Canadian Natural Resources Limited is a disciplined operator with a strong track record of value creation in Alberta. Canadian Natural has operations in Western Canada, the U.K. portion of the North Sea and Offshore West Africa but is proud to have its headquarters in Calgary, Alberta and conduct the majority of its operations throughout most of Alberta. We directly employ approximately 4,000 Albertans, but just as importantly, the impact of our activity directly employs almost 18,000 additional Albertans, with indirect employment of over 71,000 additional Albertans.

Canadian Natural believes we have a responsibility to all stakeholders, shareholders, employees, contractors, communities in which we operate and Albertans to ensure that a fair share of revenues are shared with the Government to enable it to ensure the viability of Provincial infrastructure, health care, education and social services for the benefit of all Albertans. In 2006, our royalty, tax and Crown land payments to the Alberta Government totaled almost $900 million. We see the opportunity for increased royalties in the Province of Alberta at higher commodity prices to allow the Alberta Government to make further investments in these programs.

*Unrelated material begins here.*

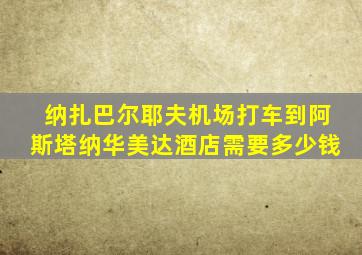 纳扎巴尔耶夫机场打车到阿斯塔纳华美达酒店需要多少钱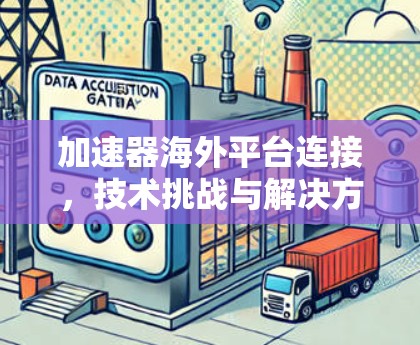 加速器海外平台连接，技术挑战与解决方案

We have taken the time to complete a detailed and diligent review of the proposals recommended by Alberta's Royalty Review Panel (the "Panel"). After careful consideration, Canadian Natural believes that the Panel was disadvantaged by the factually incorrect information available to them which resulted in a number of flawed proposals. Therefore, the adoption of the Panel's proposals will have negative consequences in terms of an economic downturn in Alberta and reduced development of Alberta's vast, albeit high-cost, oil and natural gas resources.

Following a number of unrelated regime changes in income taxation, environmental and greenhouse gas regulation and general global cost inflation for the oil and natural gas sector, we believe that the Panel's proposals pose the risk of turning the oil and natural gas industry in Alberta into a "shrinking" or "blowdown" model. The cumulative impact of these developments means that the oil and natural gas industry participants will not earn a rate of return commensurate with the risks in the Alberta basin. Investment in the Alberta oil and natural gas industry will be sharply reduced going forward. As a result, in the mid- and long-term, the royalty revenues required to strengthen and even maintain the Provincial infrastructure, health care, education and social services in the Province of Alberta may not be available. This is an event no one in Alberta wants to occur.

If the Panel's proposals are adopted, many oil and natural gas activities in Alberta would be rendered uneconomic. Canadian Natural would have no choice but to reduce activity and, via our contractors, would result in an estimated 3,900 less direct jobs and 16,000 less indirect jobs for Albertans.

We call on the Government of Alberta to examine the Panel's proposals and determine a path forward that balances the need for Albertans to retain a fair share of revenues while maintaining a viable oil and natural gas industry that can continue to contribute to a prosperous Alberta for generations to come.